Posted by admin2 on 8th May 2010

According to reporting in the May 8 The Oregonian newspaper, staffers in the office of the Multnomah County District Attorney Michael Schrunk plan to cease representing persons brought to mental health court or civil commitment proceedings if the District Attorney’s budget is reduced, as planned by interim county chair Jeff Cogen.

Michael Schrunk, District Attorney

Michael Schrunk, District Attorney

Cogen is running for the county chairmanship; the election will be decided May 18.

In a letter from Schrunk to Cogen referenced in The Oregonian, Schrunk also “says he would stop prosecuting prostitution, trespassing, minor drug offenses and other misdemeanors if forced to make budget cuts…”

This mid-May strategy has been used by Schrunk in prior budget seasons; he has been in office for over 30 years.
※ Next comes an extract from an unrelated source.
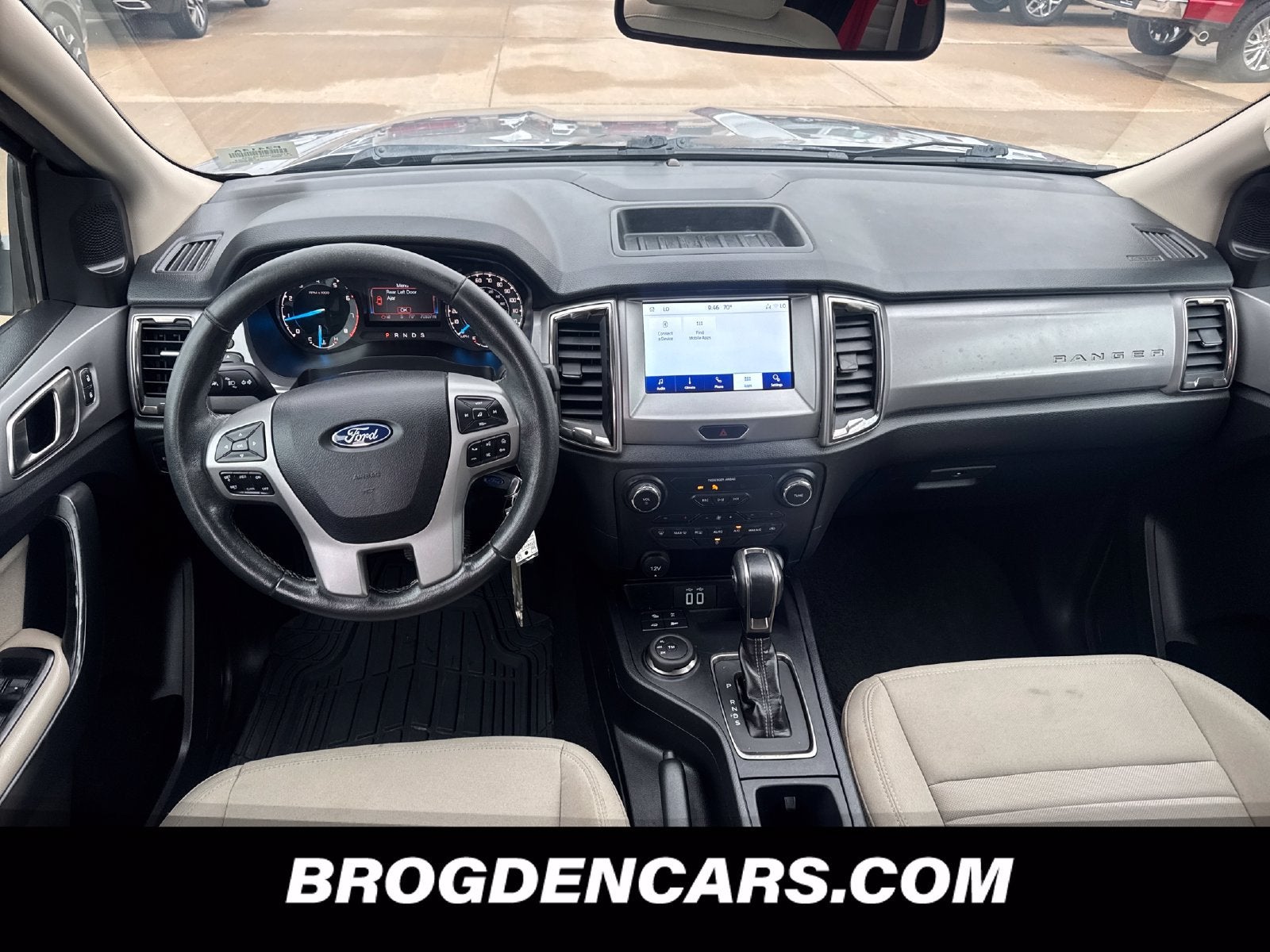 2022 Ford Ranger XL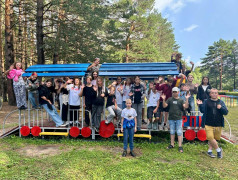 Тренинги на сплочение и командообразование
Mental health courts help the judicial system acknowledge persons with a diagnosis of mental illness who are charged with misdemeanors can be more effectively and inexpensively adjudicated in a “boutique court” with attorneys, judges and staff who understand the medical and sociological interests at stake.

Schrunk endorsed a mental health courts in meetings with mental health advocates in 1999 and then delayed opening the present court until 2008. The court sees a minor fraction of persons with a diagnosis of mental illness charged with a crime, and has limited resources to offer them.

READ – Trial Effort- Portland to Get Pilot Mental Health Court, Portland Mercury, May 1, 2008

Civil commitment court is an informal but legal determination of whether a person is actively dangerous to themselves or others. It is the primary access point for persons with a diagnosis of mental illness in Multnomah County to the Oregon State Hospital.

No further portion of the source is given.